Borders Journal Archive3

11/8/06

Just write. Write anything that comes to your mind. I’m very anxious. I feel like there’s a knot in my stomach that is tightening its grip ever-so slowly. Soon it will squeeze so hard it will begin to bleed. In fact, I think it’s already bleeding. I can feel the acid in my stomach roil around as it feeds on the knot. And now for something different:
The leaves are blood-red against the sharp green of the lawn. They spray across the black-top of the parking lot. The wind blows and pushes them along the ground. It herds them like a bull man with a whip. Snapping above and beneath them and scaring them into motion. They move in jerking motions around the parking lot. Sometimes they move as one, sometimes they all move in different directions, but they always move. The wind won't let them rest. It won't leave them alone. I realize it's the first time I ever felt such menace from the wind, ever felt the leaves as being so helpless before.
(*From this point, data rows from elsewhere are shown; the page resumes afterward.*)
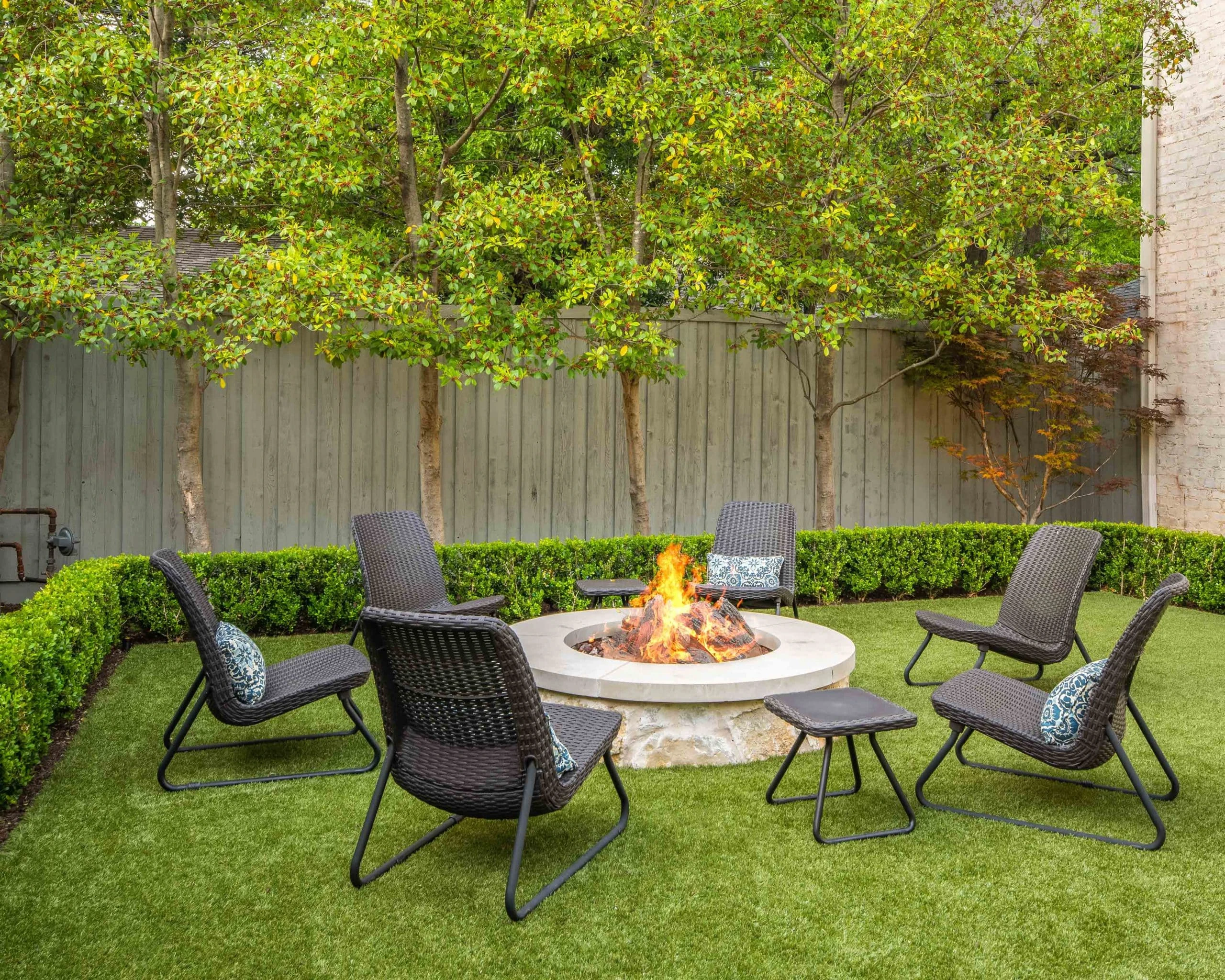 Woodstock GA outdoor living space with fire feature and lighting at night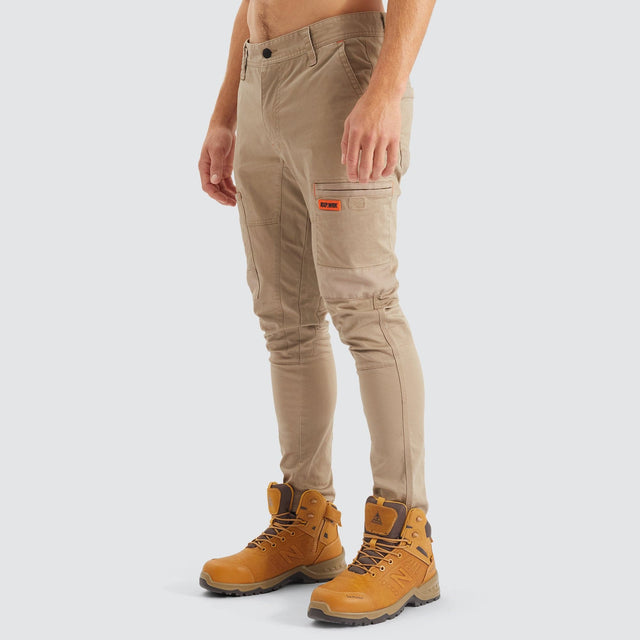 Model Wears Precision Slim Fit Pant Sand Pants in Beige - Image 10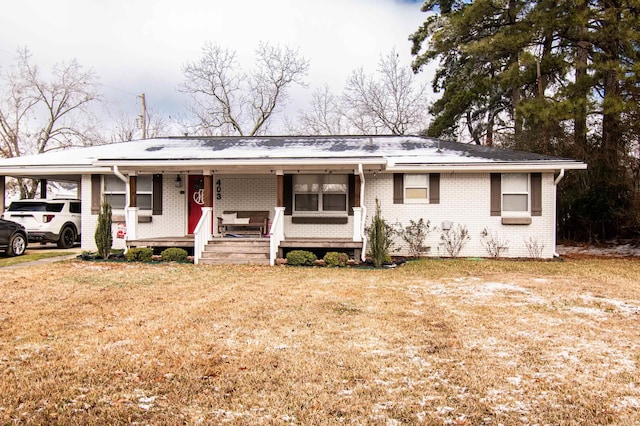 ranch-style home with a front yard, a porch, and a carport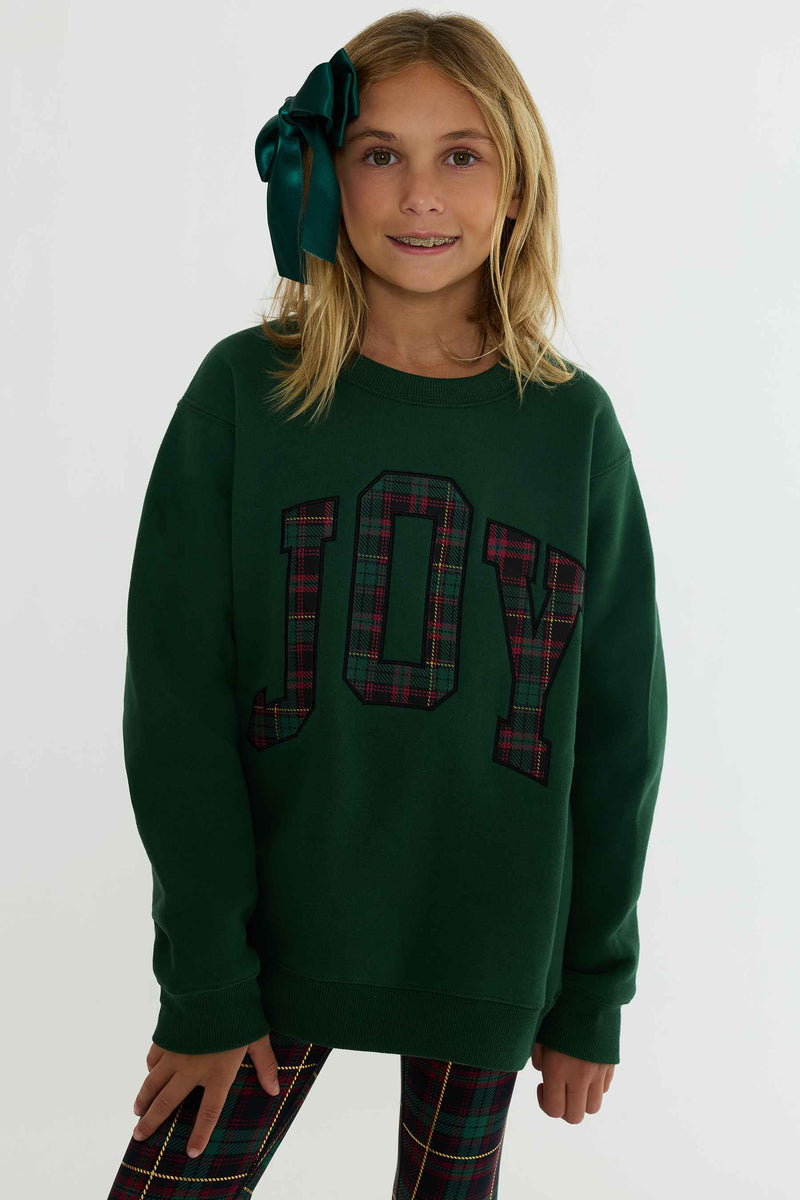 A young girl wearing a dark green crewneck sweatshirt with 'JOY' written across the chest in red and green plaid letters, paired with matching plaid leggings and a large green bow in her hair, against a plain white background.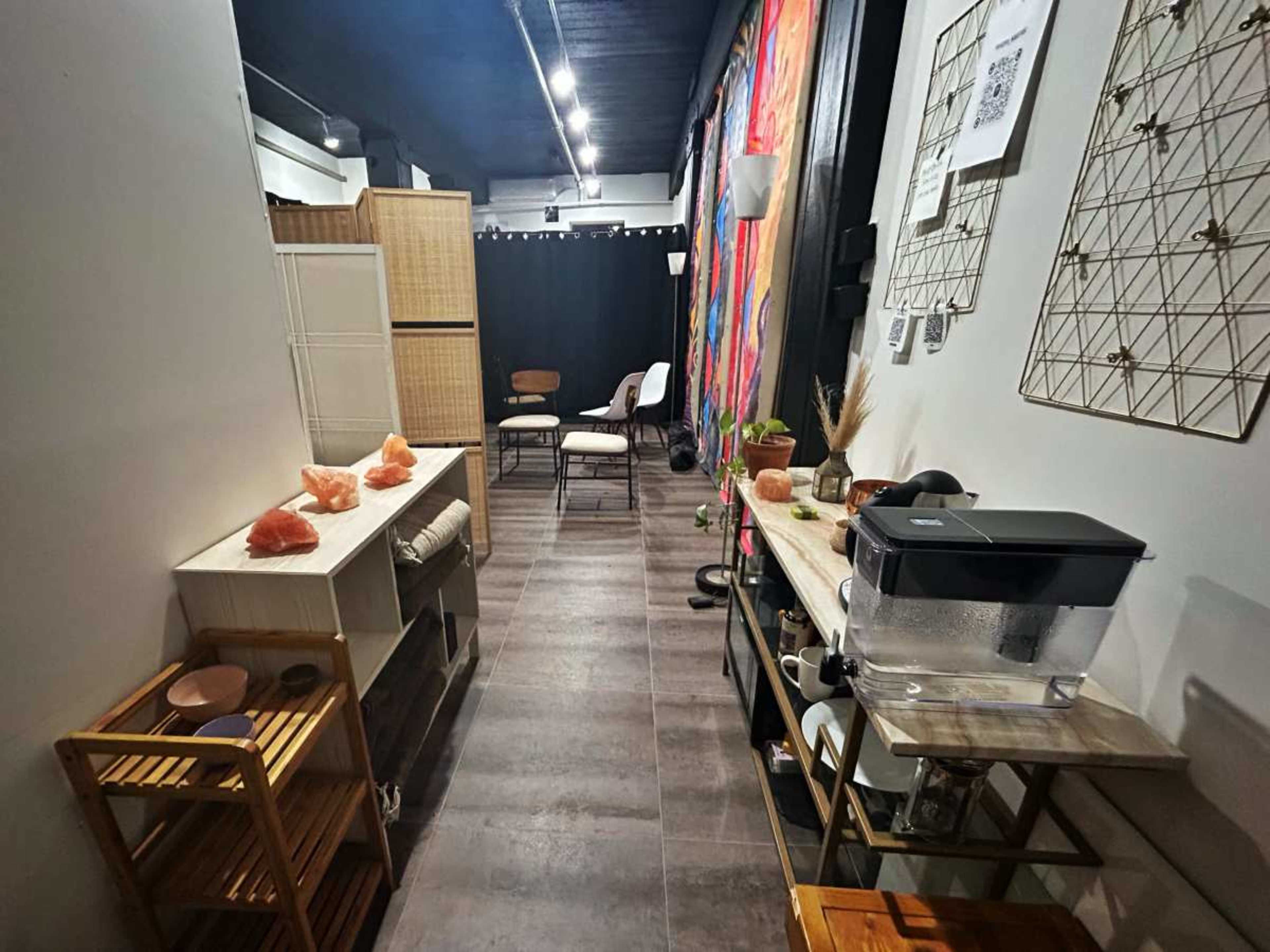 The image shows a narrow, well-decorated room with wooden carts, a water dispenser, and colorful wall hangings, leading to a seating area at the back.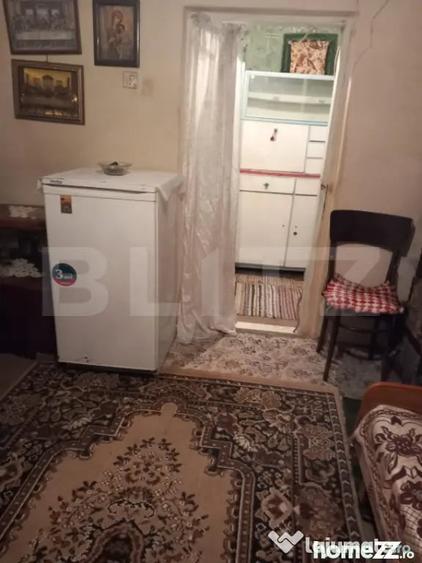 Casă cu 2 camere cu Teren 2000 Mp în Central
It makes me want to cry. As soon as I realize this, I am ashamed of myself. They are only leaves after all. And it is only the wind. But then why do I feel the wind's cold arms grab at me as if it's trying to take my soul with it? Why do I feel as if it's out for blood? Can a thing so transient and shapeless really be that harmful? That's when I remember the water from that night. I feel it's claws on my chest an neck and suddenly I can't breathe. I grasp my throat, pulling on it with my hands, hoping that it will somehow bring the oxygen back into my body. It helps a little I think, because I start to feel cool air in my lungs once more. I try to breathe deeply, remembering to count my breaths as the doctor instructed me. After a few moments, my heart rate is back to normal and I feel calm again. Yes, it's definitely possible to be harmful without having a shape, to be menacing and evil and out for blood. The water wanted to kill me. It would have succeeded too. If it weren't for him. The thought of him makes me warm from the inside. I hug myself to keep the warmth in, a gentle smile playing at the corners of my mouth. Yes, he would save me again if I were in danger, and he's nowhere around, so I must be ok. I begin to walk again at this thought. The angry wind is clutching at me still, and the blood-red leaves are screaming against the street as they pass me, but my courage has returned and I don't want to loose it before I'm out of danger. He will keep my safe. He has to.